• PANCASILA Senafas dengan Ruh Rukun Islam

    PANCASILA

    Senafas dengan Ruh Rukun Islam

    By: Anas Mas’udi

    Dengan Pancasila, Negara aman, tenteram dan damai. Pun dengan rukun Islam yang lima, agama akan tetap eksis menjaga keamanan dan kemaslahatan umat dalam hidup beragama, berbangsa dan bernegara serta dalam berinteraksi dengan sesama manusia dengan tanpa bertepuk sebelah tangan

    Pada millennium 2000, sejarah dunia tengah memasuki gerbang abad 21. Pada saat itu lebih dari setengah abad Indonesia telah menampakkan jati dirinya di atas panggung sejarah dunia dengan berdiri tegak di atas system Pancasia dan bernaung di bawah sayap burung garuda. Sepanjang kurun waktu tersebut Indonesia telah mengalami tiga periode pemerintahan dan dua kali pergantian UUD.

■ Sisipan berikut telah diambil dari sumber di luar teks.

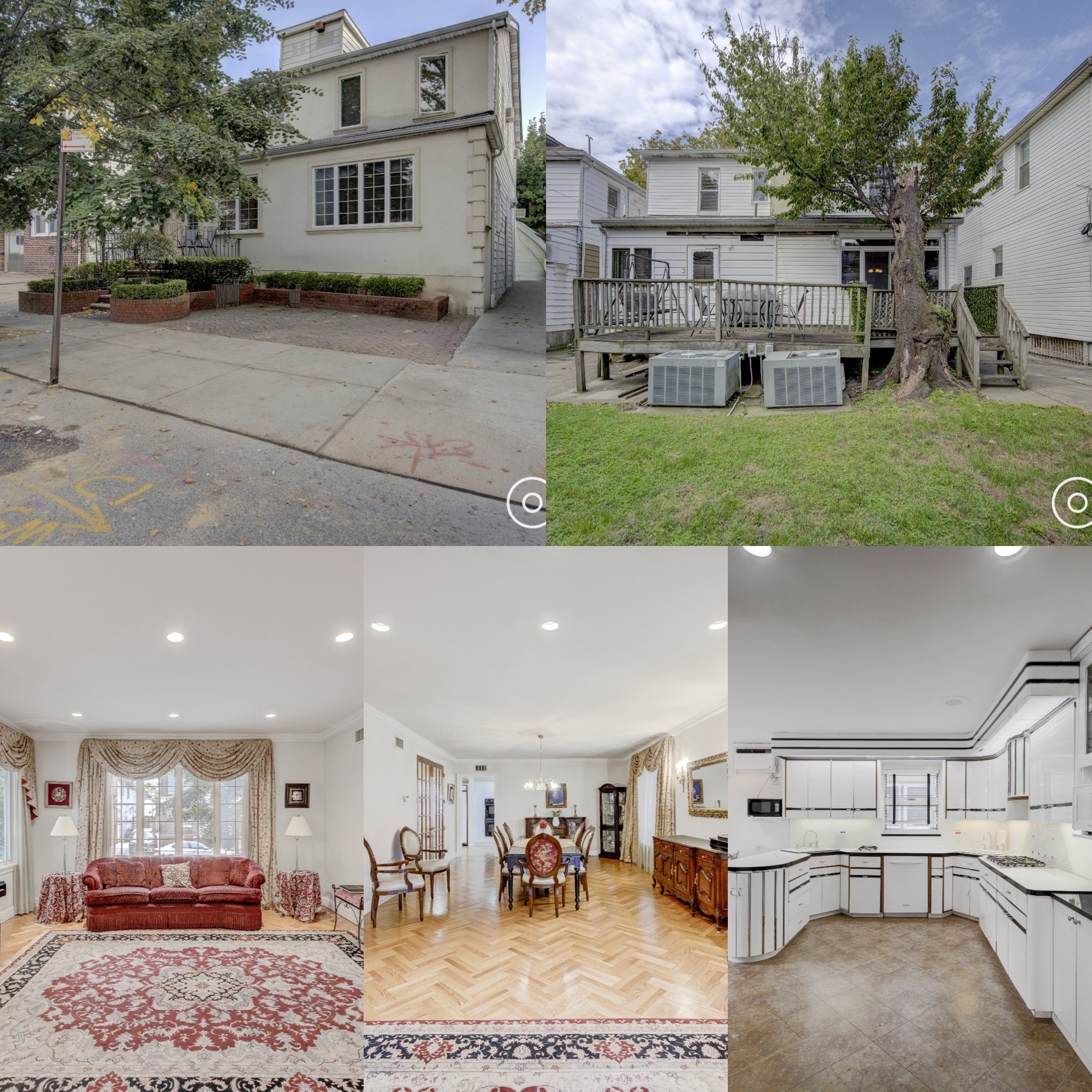 Supplied photographs of the Low East O & P home: exterior, rear deck, living room, dining room and kitchen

    Pertama, Indonesia di bawah pemerintahan rezim Soekarno, yang dikenal dengan orde lama. Pada masa itu diberlakukan UUD 1945, UUDS 1950, dan ahirnya kembali lagi ke UUD 1945. Periode kedua, masa berkuasanya orde baru di bawah system militerisme pimpinan jendral Soeharto. Dan periode ketiga, masa-masa transisi yang disebut orde reformasi, dengan presidennya Prof. Dr. Ing. Bj. Habibie.

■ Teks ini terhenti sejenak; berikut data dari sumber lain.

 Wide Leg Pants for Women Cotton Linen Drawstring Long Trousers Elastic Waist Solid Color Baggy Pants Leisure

    Dalam rentang waktu setengah abad lebih Indonesia merdeka, dominasi nasionalis sekuler dalam percaturan politik nasional, bagaimanapun juga menjadi penyebab semakin terpinggirkannya peran agama dalam pengelolaan Negara. Jargon-jargon politik yang sengaja dilansir oleh para politisi sekuler menunjukkan hal itu. Di dalam rangka ideology yang diletakkan kaum sekuler, tuduhan bahwa agama merupakan penyebab pokok instabilitas konstitusional, atau menganggap agama sebagai isu sectarian, primordial dan sebagainya, menjadi isu yang semakin hari makin melemahkan posisi agama dan kaum agamawan berhadapan dengan lembaga Negara. Lalu mereka pada kesimpulan supaya jangan membawa agama dalam urusan politik.

    Di sisi lain, entah telah direncanakan para deklarator proklamasi kemerdekaan atau secara kebetulan saja, penetapan hari kemerdekaan pada tanggal 17 Agustus, sama persis dengan angka yang terdapat dalam pondasi pokok ajaran Islam, yakni shalat lima waktu, yang jika dihitung akan ditemui sejumlah 17 rakaat tiap harinya.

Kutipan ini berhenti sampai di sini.